Problem to work on: When you return the data, keep every line exactly as it is and leave out the pictures.

☆ ☆ ☆ ☆ ☆ ☆ ☆

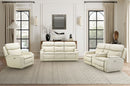 Gunner - Power Console Loveseat Recliner With Power And Power Headrest - Almond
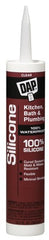 DAP Dap Inc 8648 Kitchen Bath Silicone Sealant Clear 9.8 Oz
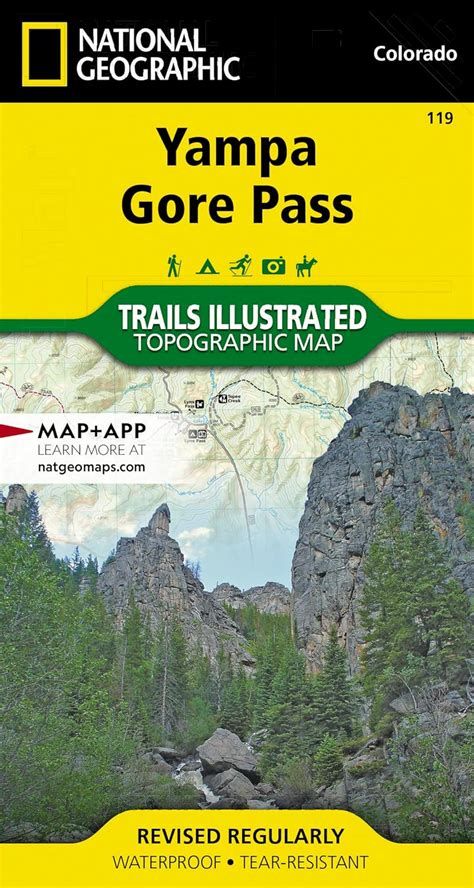 Yampa/gore Pass: Trails Illustrated: 119 (National Geographic Trails ...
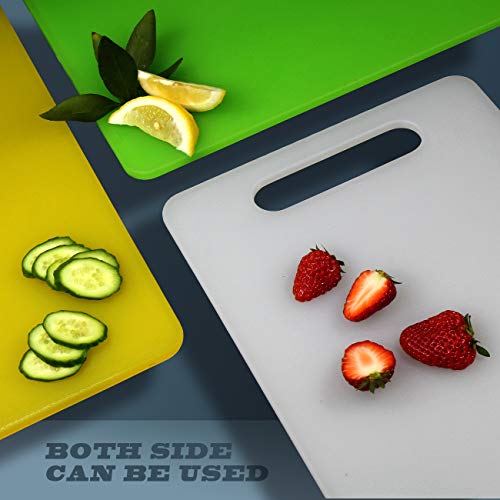 Plastic Utility Cutting Board with Handles (Yellow)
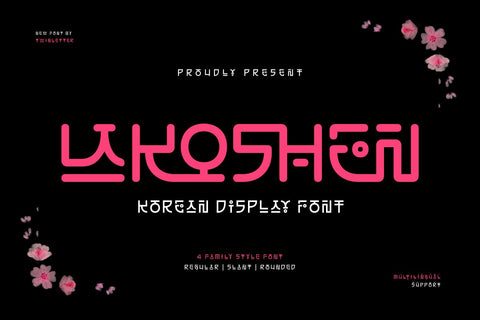 Lakoshen - Korean Style Font Font twinletter 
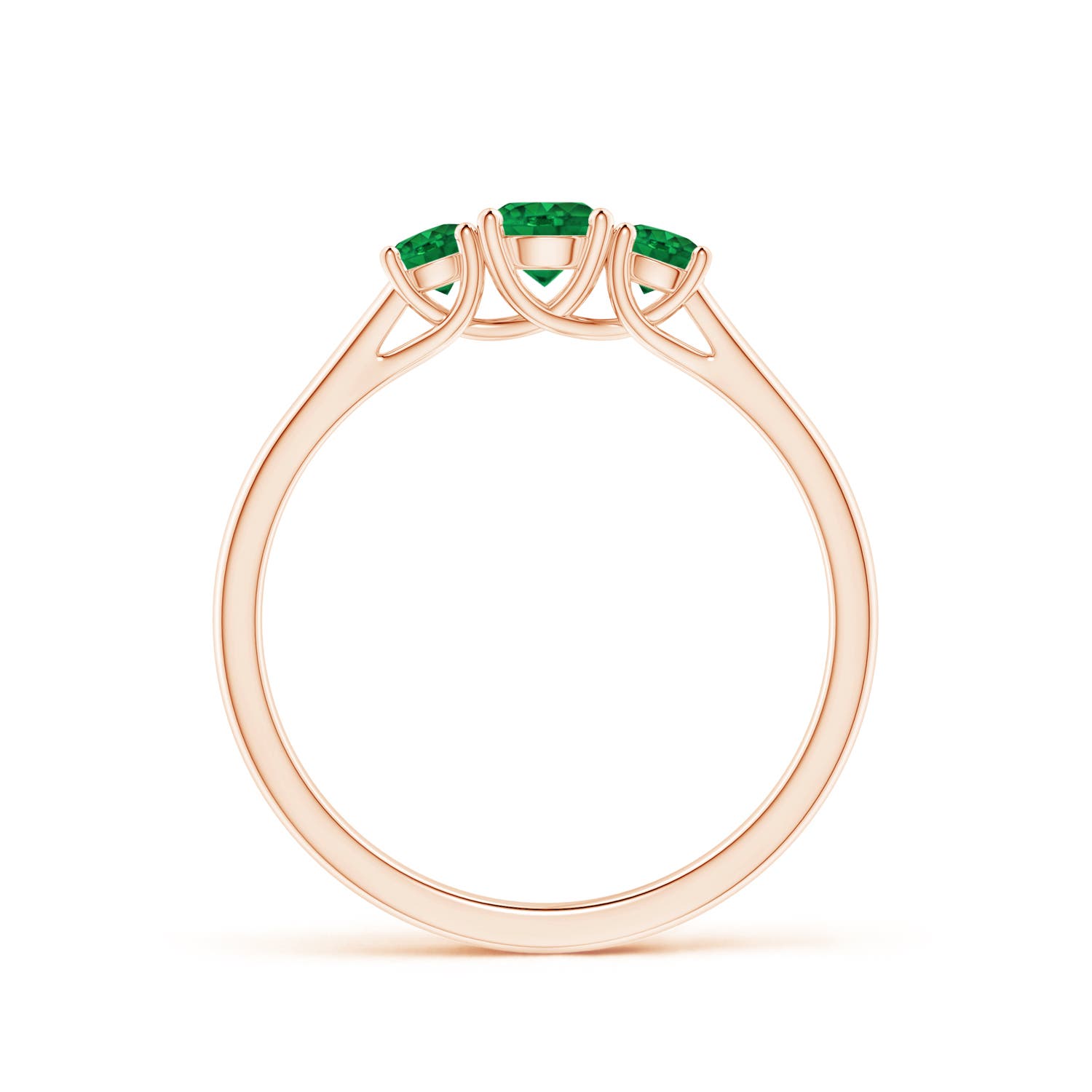 AAA - Emerald / 0.44 CT / 14 KT Rose Gold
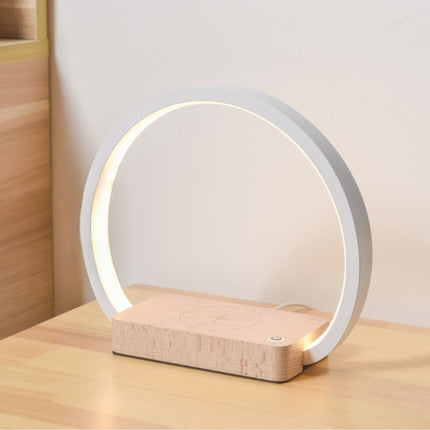 Wireless Charging Desk Lamp with Eye Protection Technology | Stylish European Design for Home and Workspace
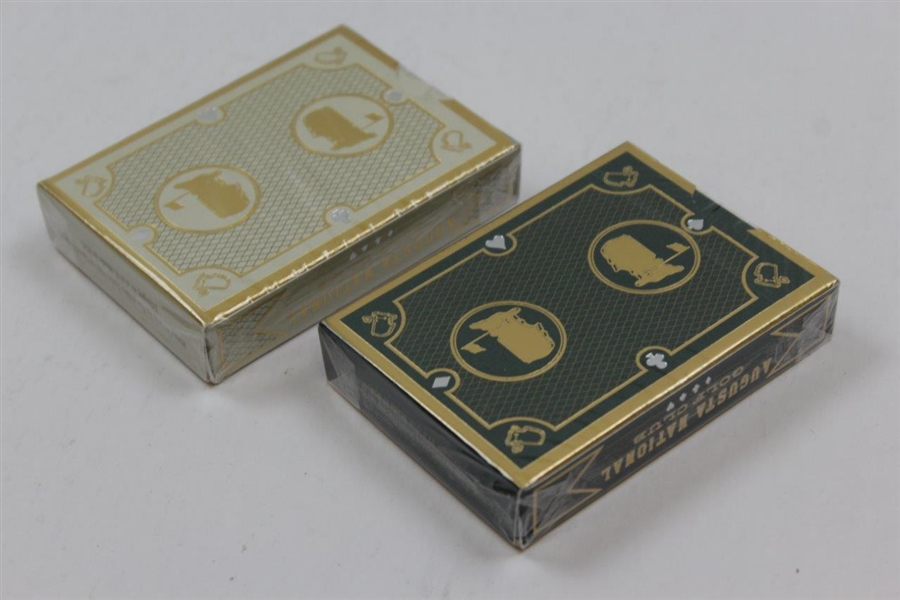 Augusta National Masters Tournament Wood Box Card Set - Engraved Large Logo on Box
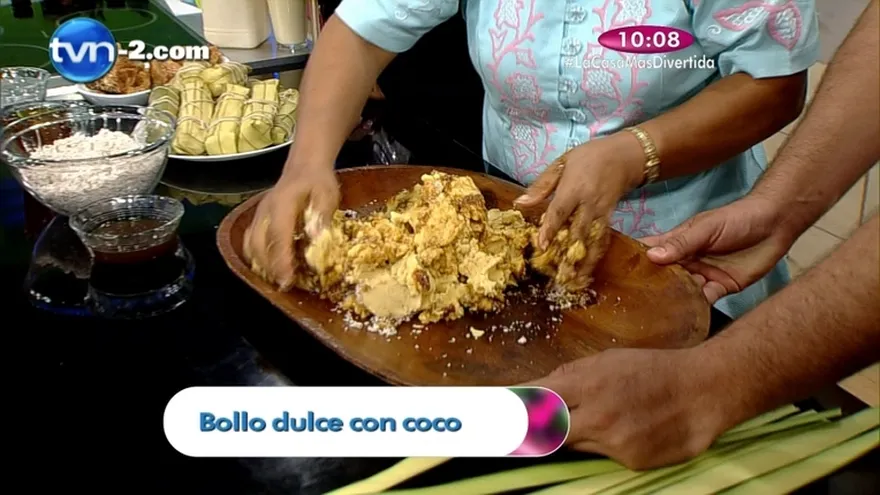 Receta - Bollo dulce con coco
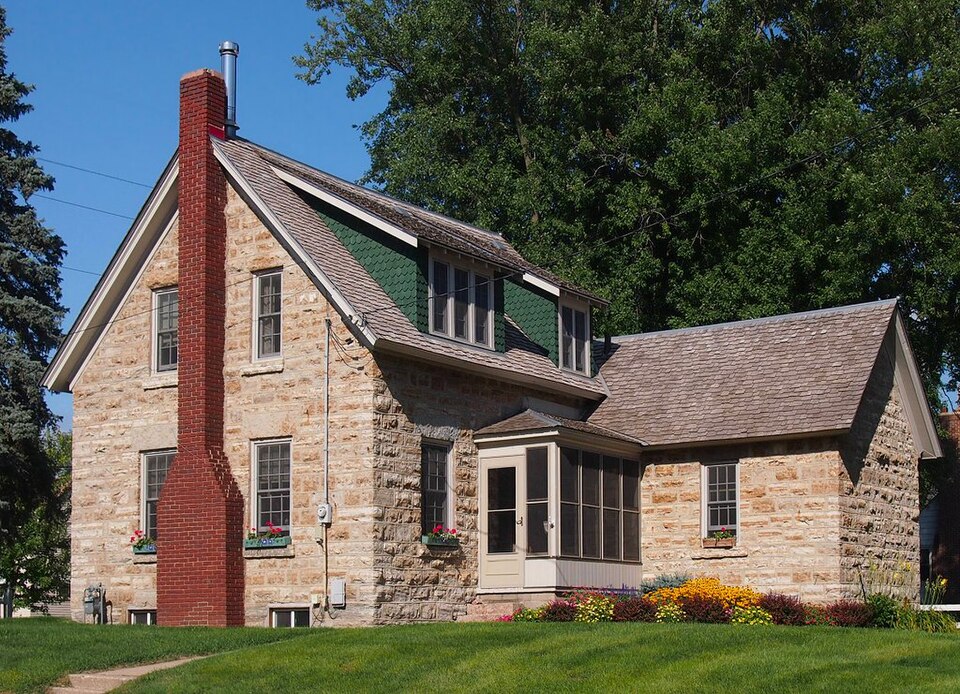 Photograph of Thomas and Bridget Shanahan McMahon House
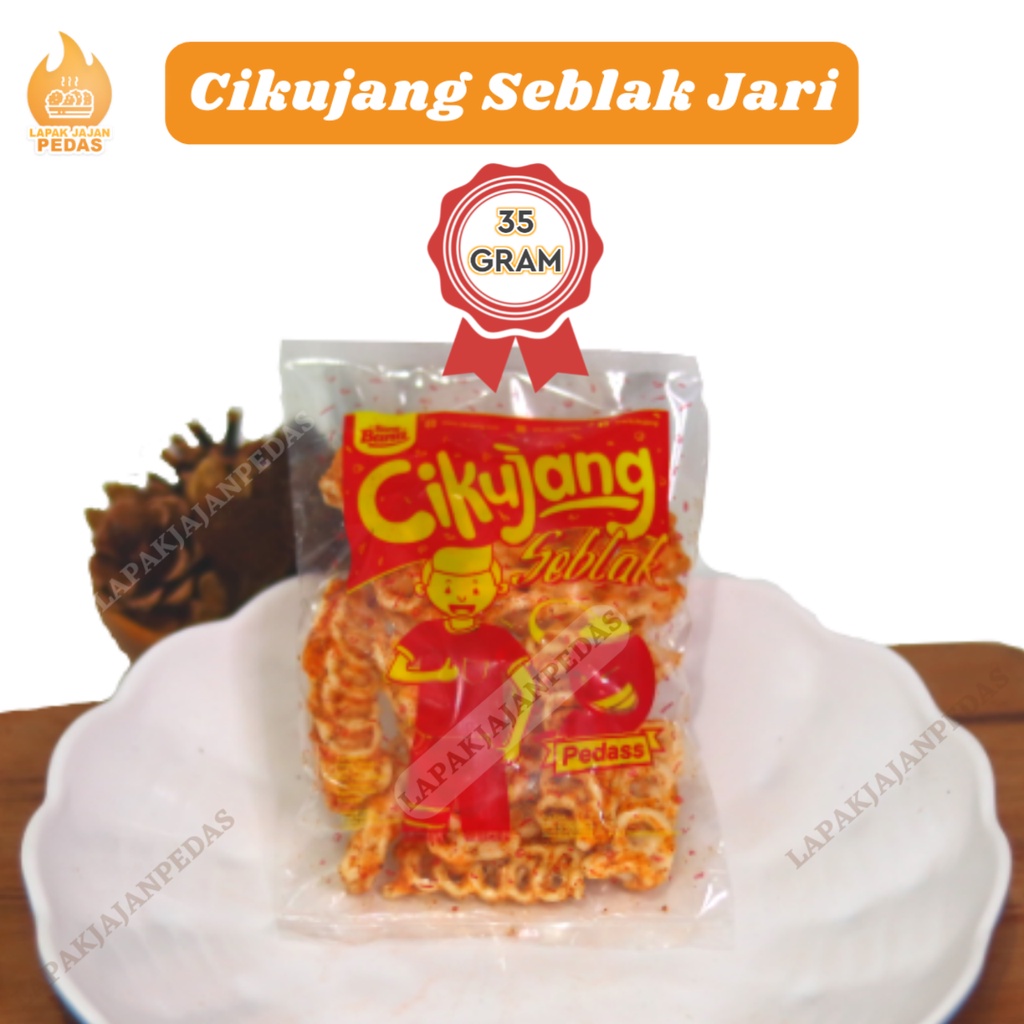 Jual Kerupuk Seblak Kering Sebring Pedas Jari Snack Makanan Ringan Isi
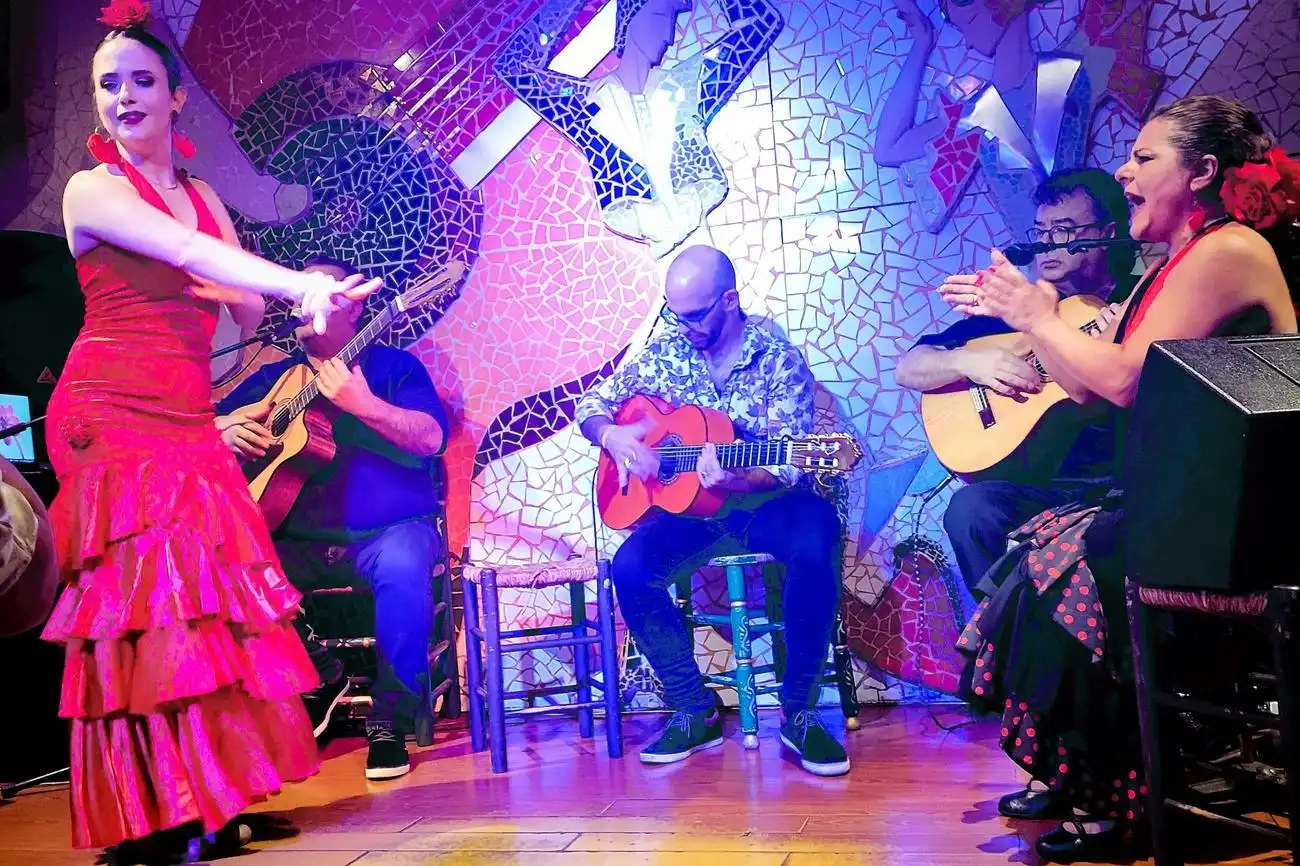 Tablao Flamenco El Toro y la Luna Show & Getränk, València, Spanien, Valencia Pass.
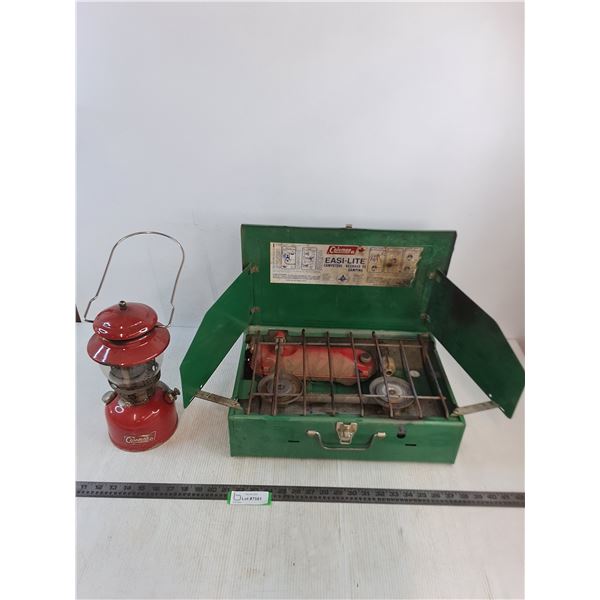 Vintage Coleman (7/69 Oil Lantern & 431 Campstove) - Cannot Ship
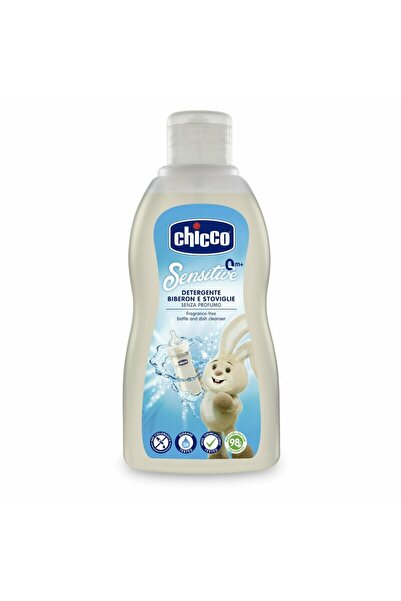 Chicco Baby Detergent pentru biberoane si vesela, Chicco, Pentru bebelusi, 300 ml, 0 luni+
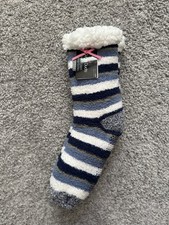 Cuddl Duds Sherpa Lined Lounge Socks Shoe Size 4-10 PLUSHFILL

☆ ☆ ☆ ☆ ☆ ☆ ☆

Answer box:
 Gunner - Power Console Loveseat Recliner With Power And Power Headrest - Almond
 DAP Dap Inc 8648 Kitchen Bath Silicone Sealant Clear 9.8 Oz
 Yampa/gore Pass: Trails Illustrated: 119 (National Geographic Trails ...
 Plastic Utility Cutting Board with Handles (Yellow)
 Lakoshen - Korean Style Font Font twinletter 
 AAA - Emerald / 0.44 CT / 14 KT Rose Gold
 Wireless Charging Desk Lamp with Eye Protection Technology | Stylish European Design for Home and Workspace
 Augusta National Masters Tournament Wood Box Card Set - Engraved Large Logo on Box
 Receta - Bollo dulce con coco
 Photograph of Thomas and Bridget Shanahan McMahon House
 Jual Kerupuk Seblak Kering Sebring Pedas Jari Snack Makanan Ringan Isi
 Tablao Flamenco El Toro y la Luna Show & Getränk, València, Spanien, Valencia Pass.
 Vintage Coleman (7/69 Oil Lantern & 431 Campstove) - Cannot Ship
 Chicco Baby Detergent pentru biberoane si vesela, Chicco, Pentru bebelusi, 300 ml, 0 luni+
 Cuddl Duds Sherpa Lined Lounge Socks Shoe Size 4-10 PLUSHFILL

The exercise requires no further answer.